• _BRIEF_
Copy exactly the stretch of lines from the one holding "Wicked Flight! T-Shirt" through the last line of the data below, inclusive. Leave out pictures.

• _GIVEN INFORMATION_
+ + + + +

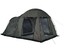 Палатка Canadian Camper Hyppo 4 New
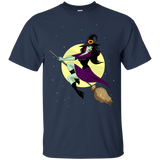 Wicked Flight! T-Shirt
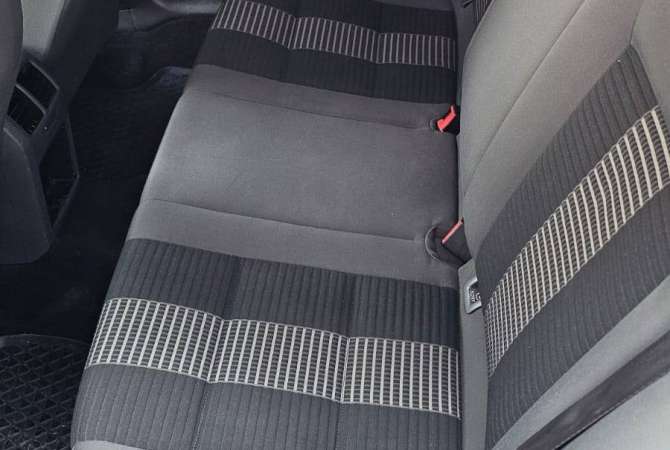 Auto in Vendita a Tirana - 4,700 Euro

+ + + + +

• _THE COMPLETED TASK_
 Wicked Flight! T-Shirt
 Auto in Vendita a Tirana - 4,700 Euro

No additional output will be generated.